From 1967 to May 1987, 484 cases of heart surgery including 32 neonates were performed in Kagawa Shoni Byoin National Sanatorium. From 1977, surgery for neonate and infant heart disease was started. Recently, mortality of heart surgery in neonates has declined. This paper presented 32 cases of neonatal heart surgery and analyzed the mortality rate by dividing this decade into 3 stages. In the first period from 1977 to 1980, 11 cases of neonatal heart surgery were performed, but all patients expired due to severe heart failure. In the second period from 1981 to 1984, 10 cases of neonatal heart surgery were performed with 4 survival cases. In the third period from 1985 to 1987, 11 cases of neonatal heart surgery were performed with 7 survival cases.
The thirty-three cases, including 10 cases of PA, TA, PS, 8 cases of TAPVR, 10 cases of IAA, CoA comp and 4 cases of TGA, were referred to this hospital at an average age of 11 day old. There was no relationship between the stage mortality and age on admission.
Before surgery, respiratory care including intratracheal intubation was performed in 9/11 in the first period, in 6/9 in the second period, in 9/11 in the third period, without any relation between mortality and respiratory distress. The most important reason for high mortality in the first period was vagueness about pathophysiological studies concerning treatment and inadequate surgery at that time.
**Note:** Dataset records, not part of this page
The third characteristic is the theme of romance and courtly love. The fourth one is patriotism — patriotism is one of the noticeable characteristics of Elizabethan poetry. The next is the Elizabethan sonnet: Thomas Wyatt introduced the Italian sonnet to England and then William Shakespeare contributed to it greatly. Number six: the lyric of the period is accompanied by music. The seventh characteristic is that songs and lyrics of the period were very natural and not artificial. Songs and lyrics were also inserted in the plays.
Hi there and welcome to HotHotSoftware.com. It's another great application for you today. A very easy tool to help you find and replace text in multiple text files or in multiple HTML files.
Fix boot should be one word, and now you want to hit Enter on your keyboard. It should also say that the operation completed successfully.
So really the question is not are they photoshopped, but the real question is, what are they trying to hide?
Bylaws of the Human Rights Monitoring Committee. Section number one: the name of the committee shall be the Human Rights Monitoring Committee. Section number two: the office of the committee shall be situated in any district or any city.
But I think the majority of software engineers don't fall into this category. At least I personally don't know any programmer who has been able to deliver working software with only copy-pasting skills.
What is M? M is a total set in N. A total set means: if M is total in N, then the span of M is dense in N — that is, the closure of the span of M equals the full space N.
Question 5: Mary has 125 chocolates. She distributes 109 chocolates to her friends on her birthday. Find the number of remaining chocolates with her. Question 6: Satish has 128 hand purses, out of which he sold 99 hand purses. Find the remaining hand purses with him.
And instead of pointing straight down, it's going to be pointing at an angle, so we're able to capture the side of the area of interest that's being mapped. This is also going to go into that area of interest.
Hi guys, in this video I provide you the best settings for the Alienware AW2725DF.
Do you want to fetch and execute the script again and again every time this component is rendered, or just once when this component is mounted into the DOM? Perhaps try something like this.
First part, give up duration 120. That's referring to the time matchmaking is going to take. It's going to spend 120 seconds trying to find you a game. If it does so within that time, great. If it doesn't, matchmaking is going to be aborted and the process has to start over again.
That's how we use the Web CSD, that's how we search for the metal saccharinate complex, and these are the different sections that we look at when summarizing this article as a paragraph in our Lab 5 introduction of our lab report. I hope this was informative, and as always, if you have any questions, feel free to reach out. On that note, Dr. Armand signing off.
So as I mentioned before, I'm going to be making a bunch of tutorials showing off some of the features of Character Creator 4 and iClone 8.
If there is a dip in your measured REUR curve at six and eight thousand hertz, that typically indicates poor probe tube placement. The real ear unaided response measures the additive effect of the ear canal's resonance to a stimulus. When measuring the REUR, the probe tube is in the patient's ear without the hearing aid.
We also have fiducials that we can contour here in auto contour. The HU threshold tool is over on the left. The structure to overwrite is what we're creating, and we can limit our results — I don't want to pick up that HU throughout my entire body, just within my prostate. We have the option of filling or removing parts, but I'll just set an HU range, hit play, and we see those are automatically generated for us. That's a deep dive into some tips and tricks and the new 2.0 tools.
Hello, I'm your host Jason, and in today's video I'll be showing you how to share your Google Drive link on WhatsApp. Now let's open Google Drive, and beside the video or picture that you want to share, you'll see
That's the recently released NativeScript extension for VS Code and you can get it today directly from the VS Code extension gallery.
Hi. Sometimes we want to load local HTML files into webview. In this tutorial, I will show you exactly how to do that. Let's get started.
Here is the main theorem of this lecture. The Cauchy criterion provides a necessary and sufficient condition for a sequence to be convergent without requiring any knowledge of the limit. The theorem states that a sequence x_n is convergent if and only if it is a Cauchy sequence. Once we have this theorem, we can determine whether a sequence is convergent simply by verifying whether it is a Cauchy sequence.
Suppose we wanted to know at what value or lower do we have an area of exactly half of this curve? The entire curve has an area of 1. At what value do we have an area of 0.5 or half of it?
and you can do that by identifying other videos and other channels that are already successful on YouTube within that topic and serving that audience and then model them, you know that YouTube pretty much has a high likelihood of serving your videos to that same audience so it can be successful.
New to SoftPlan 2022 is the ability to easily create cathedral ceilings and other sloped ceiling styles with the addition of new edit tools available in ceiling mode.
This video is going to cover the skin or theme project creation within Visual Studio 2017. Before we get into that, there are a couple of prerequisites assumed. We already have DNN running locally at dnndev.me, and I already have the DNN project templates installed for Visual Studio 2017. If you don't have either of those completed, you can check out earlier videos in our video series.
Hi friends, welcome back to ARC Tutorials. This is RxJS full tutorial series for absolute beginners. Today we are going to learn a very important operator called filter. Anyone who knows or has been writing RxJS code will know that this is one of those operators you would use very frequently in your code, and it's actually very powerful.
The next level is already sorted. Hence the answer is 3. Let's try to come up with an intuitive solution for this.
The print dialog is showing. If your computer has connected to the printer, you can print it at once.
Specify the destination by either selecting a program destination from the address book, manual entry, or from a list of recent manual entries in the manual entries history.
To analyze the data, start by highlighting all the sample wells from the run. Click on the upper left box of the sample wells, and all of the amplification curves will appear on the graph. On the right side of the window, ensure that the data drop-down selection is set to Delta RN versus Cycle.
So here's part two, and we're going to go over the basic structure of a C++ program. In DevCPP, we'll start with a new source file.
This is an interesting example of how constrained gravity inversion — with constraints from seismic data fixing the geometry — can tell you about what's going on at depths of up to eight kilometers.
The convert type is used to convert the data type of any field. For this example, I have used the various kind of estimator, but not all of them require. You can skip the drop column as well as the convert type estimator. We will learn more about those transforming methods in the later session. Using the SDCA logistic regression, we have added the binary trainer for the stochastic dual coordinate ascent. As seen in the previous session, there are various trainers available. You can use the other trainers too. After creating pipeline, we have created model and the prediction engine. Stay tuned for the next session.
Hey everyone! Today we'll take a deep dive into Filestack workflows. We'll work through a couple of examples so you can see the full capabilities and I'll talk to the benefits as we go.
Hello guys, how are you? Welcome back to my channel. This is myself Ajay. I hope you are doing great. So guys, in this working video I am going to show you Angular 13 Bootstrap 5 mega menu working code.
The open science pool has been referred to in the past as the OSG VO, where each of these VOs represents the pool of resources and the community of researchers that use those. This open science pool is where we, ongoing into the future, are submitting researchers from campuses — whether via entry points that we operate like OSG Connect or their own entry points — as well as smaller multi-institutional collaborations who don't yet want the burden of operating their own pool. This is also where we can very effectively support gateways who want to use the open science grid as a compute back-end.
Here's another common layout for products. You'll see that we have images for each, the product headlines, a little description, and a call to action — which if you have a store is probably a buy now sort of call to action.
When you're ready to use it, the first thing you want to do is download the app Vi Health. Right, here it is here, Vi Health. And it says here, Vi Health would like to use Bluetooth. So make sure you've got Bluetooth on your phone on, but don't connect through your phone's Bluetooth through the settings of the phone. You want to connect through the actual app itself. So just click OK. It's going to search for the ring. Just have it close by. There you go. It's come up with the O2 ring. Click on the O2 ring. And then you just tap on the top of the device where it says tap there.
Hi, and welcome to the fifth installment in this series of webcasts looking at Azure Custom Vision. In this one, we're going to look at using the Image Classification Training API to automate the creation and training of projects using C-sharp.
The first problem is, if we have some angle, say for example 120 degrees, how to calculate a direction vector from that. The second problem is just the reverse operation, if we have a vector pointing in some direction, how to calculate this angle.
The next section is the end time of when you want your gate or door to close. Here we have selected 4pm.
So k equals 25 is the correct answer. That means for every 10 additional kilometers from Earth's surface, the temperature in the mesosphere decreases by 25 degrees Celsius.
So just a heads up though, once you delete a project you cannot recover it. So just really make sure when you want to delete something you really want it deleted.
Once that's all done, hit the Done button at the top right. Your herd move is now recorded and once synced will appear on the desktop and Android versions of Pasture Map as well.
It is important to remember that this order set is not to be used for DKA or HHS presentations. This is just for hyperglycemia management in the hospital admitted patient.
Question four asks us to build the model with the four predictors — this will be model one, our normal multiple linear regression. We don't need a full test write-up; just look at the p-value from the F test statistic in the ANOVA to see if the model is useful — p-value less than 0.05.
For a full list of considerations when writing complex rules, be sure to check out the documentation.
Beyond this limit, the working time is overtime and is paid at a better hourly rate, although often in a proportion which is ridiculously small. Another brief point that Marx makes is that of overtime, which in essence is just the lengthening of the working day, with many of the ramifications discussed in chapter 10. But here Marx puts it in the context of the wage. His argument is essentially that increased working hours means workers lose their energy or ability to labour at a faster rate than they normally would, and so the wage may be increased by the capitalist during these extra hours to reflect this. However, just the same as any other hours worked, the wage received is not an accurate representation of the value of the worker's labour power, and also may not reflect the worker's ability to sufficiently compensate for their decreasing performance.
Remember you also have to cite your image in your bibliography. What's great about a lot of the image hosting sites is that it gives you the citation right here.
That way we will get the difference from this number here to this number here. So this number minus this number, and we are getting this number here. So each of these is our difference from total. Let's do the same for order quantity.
In the second period, cine angiography and echo cardiogrm were introduced for diagnosis and more accurate diagnosis of the diseases was established.
Method of rescue for severe cardiac disease was to maintain the ductus blood flow by prostagrandin E1 and shunt surgery in PA, TA, PS, and early total corrective surgery for TAPVR in good condition using prostagrandin E1 was performed to maintain PDA for a release of pulmonary congestion. Also, early correction of the aortic arch for IAA, CoA comp in good condition using prostagrandin E1 was done to maintain perfusion of the ductus into the lower half of body before deteriolation of metabolism.
In TGA, it was important to postpone operation by using BAS or conservative surgery for widening of interatrial communication, because of no improvement in the survival rate in the third period.